Start of Block

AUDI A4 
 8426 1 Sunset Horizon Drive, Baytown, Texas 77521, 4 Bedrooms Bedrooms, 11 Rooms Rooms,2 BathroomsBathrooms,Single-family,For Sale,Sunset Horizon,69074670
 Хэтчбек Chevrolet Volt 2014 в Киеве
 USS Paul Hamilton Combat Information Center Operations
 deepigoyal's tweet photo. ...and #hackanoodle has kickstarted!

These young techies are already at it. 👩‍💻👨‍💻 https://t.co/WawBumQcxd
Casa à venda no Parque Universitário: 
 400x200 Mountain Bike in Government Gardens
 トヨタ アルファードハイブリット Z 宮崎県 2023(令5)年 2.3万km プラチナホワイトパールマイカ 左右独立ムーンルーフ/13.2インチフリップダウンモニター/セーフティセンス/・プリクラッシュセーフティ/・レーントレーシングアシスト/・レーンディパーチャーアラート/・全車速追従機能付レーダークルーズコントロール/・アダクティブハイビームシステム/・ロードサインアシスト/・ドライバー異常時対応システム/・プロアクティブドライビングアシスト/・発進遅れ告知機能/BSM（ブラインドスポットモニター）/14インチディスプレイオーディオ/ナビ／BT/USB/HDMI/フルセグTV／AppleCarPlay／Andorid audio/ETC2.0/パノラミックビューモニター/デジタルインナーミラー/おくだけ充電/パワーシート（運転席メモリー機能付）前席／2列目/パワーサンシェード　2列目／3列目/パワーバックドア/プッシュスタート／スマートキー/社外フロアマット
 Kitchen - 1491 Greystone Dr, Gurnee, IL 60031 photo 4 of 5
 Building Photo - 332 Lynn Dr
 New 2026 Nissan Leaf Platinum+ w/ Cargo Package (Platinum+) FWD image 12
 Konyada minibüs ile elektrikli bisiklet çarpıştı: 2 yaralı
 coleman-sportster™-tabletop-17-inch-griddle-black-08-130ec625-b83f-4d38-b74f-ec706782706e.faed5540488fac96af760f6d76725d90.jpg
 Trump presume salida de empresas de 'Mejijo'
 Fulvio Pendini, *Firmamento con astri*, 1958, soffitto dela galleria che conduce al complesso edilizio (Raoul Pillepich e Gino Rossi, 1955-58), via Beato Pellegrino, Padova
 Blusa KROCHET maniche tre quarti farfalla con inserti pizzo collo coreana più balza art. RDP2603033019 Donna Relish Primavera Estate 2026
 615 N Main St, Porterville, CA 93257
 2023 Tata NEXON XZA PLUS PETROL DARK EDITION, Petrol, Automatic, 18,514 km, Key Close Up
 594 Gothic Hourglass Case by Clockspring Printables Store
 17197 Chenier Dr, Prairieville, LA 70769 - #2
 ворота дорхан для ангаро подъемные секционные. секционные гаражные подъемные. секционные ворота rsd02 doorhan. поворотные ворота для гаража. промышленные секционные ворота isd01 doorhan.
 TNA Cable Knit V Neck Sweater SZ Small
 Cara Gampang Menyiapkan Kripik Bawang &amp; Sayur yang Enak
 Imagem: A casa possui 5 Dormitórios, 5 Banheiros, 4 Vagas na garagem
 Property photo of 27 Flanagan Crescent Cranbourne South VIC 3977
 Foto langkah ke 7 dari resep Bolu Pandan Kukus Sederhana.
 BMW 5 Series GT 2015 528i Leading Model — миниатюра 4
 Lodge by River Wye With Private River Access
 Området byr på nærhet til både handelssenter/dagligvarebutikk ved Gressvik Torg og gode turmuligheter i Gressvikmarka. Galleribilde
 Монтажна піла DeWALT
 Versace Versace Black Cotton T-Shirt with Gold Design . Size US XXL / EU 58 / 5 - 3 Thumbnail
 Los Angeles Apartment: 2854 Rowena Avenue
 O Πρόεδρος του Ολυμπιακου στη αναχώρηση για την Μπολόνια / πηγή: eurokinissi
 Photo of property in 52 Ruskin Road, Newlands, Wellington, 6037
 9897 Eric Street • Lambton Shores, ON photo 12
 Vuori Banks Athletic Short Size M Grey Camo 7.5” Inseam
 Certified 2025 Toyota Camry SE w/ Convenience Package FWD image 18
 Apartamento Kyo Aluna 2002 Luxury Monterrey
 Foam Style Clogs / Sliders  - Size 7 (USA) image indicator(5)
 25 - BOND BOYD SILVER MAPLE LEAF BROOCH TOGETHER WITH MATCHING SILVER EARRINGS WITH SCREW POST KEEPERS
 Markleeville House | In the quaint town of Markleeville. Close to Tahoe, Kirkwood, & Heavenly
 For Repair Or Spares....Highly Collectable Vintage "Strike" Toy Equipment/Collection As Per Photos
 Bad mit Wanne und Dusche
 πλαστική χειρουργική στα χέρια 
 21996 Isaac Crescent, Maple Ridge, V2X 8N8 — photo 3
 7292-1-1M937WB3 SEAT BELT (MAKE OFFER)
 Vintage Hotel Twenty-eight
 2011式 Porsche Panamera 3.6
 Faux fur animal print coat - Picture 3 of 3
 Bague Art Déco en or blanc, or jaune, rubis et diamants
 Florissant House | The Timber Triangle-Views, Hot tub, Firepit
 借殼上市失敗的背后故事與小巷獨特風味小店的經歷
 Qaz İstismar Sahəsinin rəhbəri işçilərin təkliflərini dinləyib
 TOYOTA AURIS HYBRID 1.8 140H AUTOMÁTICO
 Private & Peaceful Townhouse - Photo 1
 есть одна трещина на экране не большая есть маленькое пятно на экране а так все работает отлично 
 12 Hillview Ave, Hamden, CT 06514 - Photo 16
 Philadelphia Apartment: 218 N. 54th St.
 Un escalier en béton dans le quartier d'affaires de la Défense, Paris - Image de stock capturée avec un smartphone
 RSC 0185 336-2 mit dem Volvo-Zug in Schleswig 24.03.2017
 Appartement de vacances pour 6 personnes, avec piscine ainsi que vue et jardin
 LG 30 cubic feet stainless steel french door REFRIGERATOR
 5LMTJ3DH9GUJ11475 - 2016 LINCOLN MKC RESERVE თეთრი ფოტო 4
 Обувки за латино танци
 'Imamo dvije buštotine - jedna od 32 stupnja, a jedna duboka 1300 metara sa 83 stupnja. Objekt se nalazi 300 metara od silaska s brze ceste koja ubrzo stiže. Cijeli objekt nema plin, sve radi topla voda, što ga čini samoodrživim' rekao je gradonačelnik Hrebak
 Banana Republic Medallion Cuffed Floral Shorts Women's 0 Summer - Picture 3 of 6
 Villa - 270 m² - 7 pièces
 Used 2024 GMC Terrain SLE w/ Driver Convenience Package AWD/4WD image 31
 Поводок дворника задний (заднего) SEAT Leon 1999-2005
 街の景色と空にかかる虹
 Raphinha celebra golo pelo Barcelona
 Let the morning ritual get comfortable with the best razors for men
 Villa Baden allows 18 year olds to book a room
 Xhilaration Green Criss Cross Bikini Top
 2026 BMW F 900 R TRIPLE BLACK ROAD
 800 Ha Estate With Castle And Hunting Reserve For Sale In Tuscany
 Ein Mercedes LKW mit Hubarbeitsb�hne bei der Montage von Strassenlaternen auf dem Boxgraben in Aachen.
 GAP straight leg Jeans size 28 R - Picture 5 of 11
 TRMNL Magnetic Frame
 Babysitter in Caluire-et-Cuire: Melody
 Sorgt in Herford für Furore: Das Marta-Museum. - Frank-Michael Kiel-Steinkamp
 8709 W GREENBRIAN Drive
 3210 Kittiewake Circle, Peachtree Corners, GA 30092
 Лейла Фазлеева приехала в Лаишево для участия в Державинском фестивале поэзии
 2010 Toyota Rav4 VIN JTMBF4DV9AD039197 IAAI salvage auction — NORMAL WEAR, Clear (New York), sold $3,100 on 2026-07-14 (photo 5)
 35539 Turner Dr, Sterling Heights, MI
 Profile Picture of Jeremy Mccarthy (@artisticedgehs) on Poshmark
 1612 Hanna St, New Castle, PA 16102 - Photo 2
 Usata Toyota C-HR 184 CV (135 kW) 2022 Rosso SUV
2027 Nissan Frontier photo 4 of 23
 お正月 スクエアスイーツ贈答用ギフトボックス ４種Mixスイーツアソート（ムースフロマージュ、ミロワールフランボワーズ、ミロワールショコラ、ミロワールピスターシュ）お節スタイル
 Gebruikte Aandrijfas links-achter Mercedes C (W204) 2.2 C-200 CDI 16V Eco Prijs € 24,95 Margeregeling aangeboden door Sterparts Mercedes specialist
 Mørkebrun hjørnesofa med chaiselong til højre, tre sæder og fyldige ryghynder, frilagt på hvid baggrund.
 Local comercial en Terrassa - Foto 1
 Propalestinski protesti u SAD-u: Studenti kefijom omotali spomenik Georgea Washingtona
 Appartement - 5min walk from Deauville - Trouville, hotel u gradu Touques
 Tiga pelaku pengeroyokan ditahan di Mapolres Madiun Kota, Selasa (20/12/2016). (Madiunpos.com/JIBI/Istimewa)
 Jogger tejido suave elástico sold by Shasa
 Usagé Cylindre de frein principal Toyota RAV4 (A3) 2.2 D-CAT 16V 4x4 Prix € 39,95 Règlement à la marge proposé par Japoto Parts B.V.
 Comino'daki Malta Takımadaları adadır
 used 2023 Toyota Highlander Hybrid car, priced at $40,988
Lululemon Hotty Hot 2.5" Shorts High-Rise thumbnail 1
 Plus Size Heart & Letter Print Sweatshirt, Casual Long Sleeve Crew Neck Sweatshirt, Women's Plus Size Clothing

End of Block

• WHAT NEEDS TO BE DONE: Only the lines above from the one with "Trump presume salida de empresas de 'Mejijo'" through the one with "Imagem: A casa" should be duplicated, character for character.

• PROBLEM SOLUTION:
 Trump presume salida de empresas de 'Mejijo'
 Fulvio Pendini, *Firmamento con astri*, 1958, soffitto dela galleria che conduce al complesso edilizio (Raoul Pillepich e Gino Rossi, 1955-58), via Beato Pellegrino, Padova
 Blusa KROCHET maniche tre quarti farfalla con inserti pizzo collo coreana più balza art. RDP2603033019 Donna Relish Primavera Estate 2026
 615 N Main St, Porterville, CA 93257
 2023 Tata NEXON XZA PLUS PETROL DARK EDITION, Petrol, Automatic, 18,514 km, Key Close Up
 594 Gothic Hourglass Case by Clockspring Printables Store
 17197 Chenier Dr, Prairieville, LA 70769 - #2
 ворота дорхан для ангаро подъемные секционные. секционные гаражные подъемные. секционные ворота rsd02 doorhan. поворотные ворота для гаража. промышленные секционные ворота isd01 doorhan.
 TNA Cable Knit V Neck Sweater SZ Small
 Cara Gampang Menyiapkan Kripik Bawang &amp; Sayur yang Enak
 Imagem: A casa possui 5 Dormitórios, 5 Banheiros, 4 Vagas na garagem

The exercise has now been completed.